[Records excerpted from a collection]
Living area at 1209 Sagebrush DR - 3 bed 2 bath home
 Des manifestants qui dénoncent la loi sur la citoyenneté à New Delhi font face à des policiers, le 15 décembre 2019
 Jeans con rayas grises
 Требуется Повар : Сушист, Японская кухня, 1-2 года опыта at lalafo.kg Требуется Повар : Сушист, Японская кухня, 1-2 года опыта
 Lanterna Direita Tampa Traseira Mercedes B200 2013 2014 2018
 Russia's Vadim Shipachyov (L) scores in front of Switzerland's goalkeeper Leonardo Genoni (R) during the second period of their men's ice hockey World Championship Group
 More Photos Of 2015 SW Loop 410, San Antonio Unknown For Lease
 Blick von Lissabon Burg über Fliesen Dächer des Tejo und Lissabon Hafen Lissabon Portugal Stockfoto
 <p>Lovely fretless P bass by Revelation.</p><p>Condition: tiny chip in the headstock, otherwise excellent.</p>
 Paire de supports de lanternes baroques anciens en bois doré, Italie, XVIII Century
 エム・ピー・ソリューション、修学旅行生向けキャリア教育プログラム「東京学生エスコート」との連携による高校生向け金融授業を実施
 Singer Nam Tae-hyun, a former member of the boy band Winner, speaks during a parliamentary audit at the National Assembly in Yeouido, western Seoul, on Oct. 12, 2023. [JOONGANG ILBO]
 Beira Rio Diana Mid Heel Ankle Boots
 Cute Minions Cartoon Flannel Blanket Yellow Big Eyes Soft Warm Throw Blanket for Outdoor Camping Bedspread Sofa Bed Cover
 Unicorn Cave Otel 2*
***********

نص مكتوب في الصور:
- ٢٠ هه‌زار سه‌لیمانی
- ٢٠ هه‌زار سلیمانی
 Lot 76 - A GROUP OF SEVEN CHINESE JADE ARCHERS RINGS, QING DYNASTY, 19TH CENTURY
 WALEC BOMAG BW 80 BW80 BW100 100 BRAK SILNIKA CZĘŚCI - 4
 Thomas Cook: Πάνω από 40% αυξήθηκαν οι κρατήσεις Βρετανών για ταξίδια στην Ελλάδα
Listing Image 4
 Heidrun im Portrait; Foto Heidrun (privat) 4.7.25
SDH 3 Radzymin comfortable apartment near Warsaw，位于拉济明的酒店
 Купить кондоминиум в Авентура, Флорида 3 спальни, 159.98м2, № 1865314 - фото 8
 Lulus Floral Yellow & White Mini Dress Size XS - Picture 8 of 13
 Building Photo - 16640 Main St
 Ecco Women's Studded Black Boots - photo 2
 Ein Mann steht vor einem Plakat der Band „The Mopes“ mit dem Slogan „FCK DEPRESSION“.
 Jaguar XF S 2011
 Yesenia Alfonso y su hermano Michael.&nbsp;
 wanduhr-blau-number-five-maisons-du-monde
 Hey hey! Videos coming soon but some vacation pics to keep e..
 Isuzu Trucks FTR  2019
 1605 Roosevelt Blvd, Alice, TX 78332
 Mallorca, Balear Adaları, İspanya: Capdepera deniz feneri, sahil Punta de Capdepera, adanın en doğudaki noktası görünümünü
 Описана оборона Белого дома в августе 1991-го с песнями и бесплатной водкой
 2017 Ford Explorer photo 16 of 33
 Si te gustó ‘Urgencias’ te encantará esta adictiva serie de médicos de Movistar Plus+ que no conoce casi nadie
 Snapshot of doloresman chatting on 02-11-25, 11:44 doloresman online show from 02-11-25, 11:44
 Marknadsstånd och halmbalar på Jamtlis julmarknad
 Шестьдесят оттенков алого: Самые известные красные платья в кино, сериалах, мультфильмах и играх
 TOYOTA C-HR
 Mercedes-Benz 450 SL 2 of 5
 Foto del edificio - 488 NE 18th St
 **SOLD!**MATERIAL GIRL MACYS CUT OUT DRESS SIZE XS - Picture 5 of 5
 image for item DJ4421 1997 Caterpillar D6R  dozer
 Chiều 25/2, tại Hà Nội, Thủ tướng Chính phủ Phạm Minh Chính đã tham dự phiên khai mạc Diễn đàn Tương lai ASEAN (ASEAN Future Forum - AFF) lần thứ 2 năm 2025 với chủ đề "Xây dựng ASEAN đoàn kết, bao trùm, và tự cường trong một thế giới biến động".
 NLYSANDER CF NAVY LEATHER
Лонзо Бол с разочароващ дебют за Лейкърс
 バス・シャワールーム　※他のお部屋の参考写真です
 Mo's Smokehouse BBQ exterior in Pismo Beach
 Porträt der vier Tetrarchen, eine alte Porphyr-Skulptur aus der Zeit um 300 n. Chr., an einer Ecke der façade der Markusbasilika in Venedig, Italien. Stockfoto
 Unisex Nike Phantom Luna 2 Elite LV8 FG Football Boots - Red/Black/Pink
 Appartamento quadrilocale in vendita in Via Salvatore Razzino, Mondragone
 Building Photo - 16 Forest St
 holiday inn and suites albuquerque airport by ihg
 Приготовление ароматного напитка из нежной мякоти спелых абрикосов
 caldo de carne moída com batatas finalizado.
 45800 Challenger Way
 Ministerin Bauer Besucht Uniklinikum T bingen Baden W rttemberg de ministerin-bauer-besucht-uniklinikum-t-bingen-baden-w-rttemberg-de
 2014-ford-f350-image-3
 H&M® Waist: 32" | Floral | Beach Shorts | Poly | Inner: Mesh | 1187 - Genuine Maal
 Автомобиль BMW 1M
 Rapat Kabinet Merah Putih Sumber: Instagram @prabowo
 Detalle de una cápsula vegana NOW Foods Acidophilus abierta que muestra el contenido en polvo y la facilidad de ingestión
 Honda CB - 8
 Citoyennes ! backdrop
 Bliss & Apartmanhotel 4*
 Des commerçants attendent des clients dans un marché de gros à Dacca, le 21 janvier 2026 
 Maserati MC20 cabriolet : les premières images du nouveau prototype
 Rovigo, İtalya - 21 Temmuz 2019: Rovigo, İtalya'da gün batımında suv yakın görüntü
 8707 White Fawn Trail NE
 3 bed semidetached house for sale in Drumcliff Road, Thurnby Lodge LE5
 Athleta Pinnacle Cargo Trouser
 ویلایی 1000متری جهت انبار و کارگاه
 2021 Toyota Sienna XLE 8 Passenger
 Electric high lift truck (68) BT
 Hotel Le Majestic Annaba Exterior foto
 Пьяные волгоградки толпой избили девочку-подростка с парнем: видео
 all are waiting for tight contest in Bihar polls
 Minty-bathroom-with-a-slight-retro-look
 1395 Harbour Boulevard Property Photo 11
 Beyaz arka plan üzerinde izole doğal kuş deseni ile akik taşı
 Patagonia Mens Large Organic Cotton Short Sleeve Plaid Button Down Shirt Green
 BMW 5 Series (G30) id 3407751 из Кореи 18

> _Work to complete_: Filter the entries down to the lines that hold "Floral". Copy those lines.

> _The answer_:
 Lulus Floral Yellow & White Mini Dress Size XS - Picture 8 of 13
 H&M® Waist: 32" | Floral | Beach Shorts | Poly | Inner: Mesh | 1187 - Genuine Maal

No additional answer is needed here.